Le retour de la télévision
Il fallait chercher les sites. On faisait des découvertes. Yahoo venait tout juste de commencer à référencer ses trouvailles. On se perdait souvent. On trouvait parfois des merveilles, heureux on revenait d’ailleurs. Nous avons créé des labyrinthes constitués de centaines de pages. On ne voulait pas perdre les gens, on voulait qu’ils se perdent et qu’ils perçoivent l’infinité des possibles. Les chemins étaient multiples. Le Web 2.0 a marqué la fin de tout cela et le début, d’un point de vue artistique, d’un usage du Web fait de brièveté et de facilité : des sites visibles en 15 secondes, colorés et animés, facilement résumables. Mais surtout, ce fut le retour de la télévision, de son rythme et de sa passivité fluxionnelle.
Celle-ci est un flux que l’on allume et qui défile indépendamment de nous, un peu à la manière d’une lumière dont l’objectif serait de capter l’attention (jusqu’à la prochaine publicité). Avec Facebook, le Web a perdu son caractère fragmentaire et est redevenu un flux que l’on regarde de façon quasiment passive. D’ailleurs, dès qu’on allume son ordinateur, on va sur Facebook, comme par défaut, fasciné et tout à la fois dégoûté par ce flux social. On a beau interagir, on est passif, parce que le flux est intégral, il ne s’arrête jamais et lorsqu’on désespère de ne pas avoir de like, c’est une autre manière pour le flux de perdurer et de nous capturer. Chacun dépose des textes et des images, des relation sur des sites gérés par des entreprises privés. Il serait si simple d’avoir son propre nom de domaine.

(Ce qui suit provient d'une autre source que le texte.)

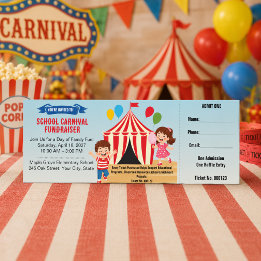 School Carnival Fundraiser PTA Event Raffle Tickets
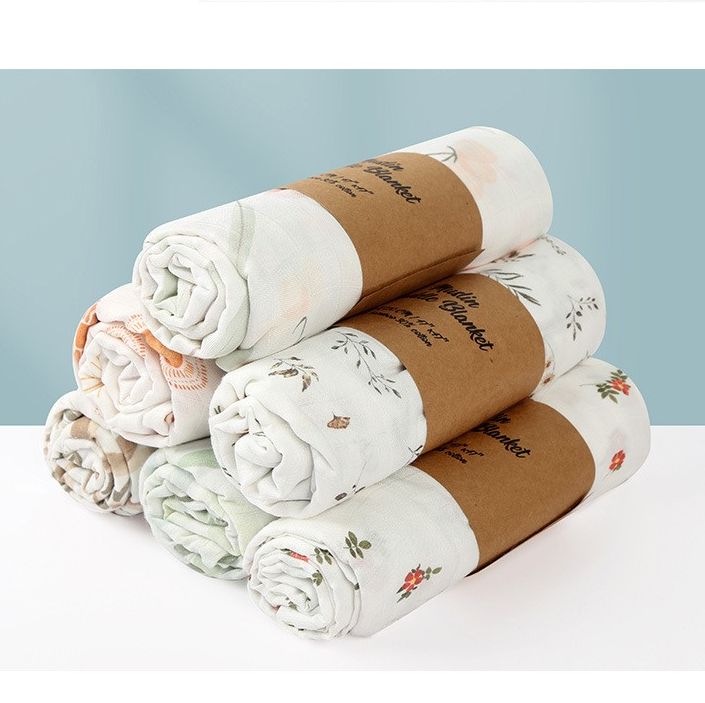 120cm bamboo cottom muslin swaddle blanket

Il y a avec Facebook quelque chose de la télévision et du flux intégral qui nous rend accroc. Il y a la perte du fragmentaire et de l’infinitude, malgré l’émotion bien réelle d’observer toutes ces singularités et de savoir, à notre tour, que nous en faisons partie. Nous avons été recapturés et le netart des années 2000 apparaîtra comme un moment charmant de l’histoire des hommes.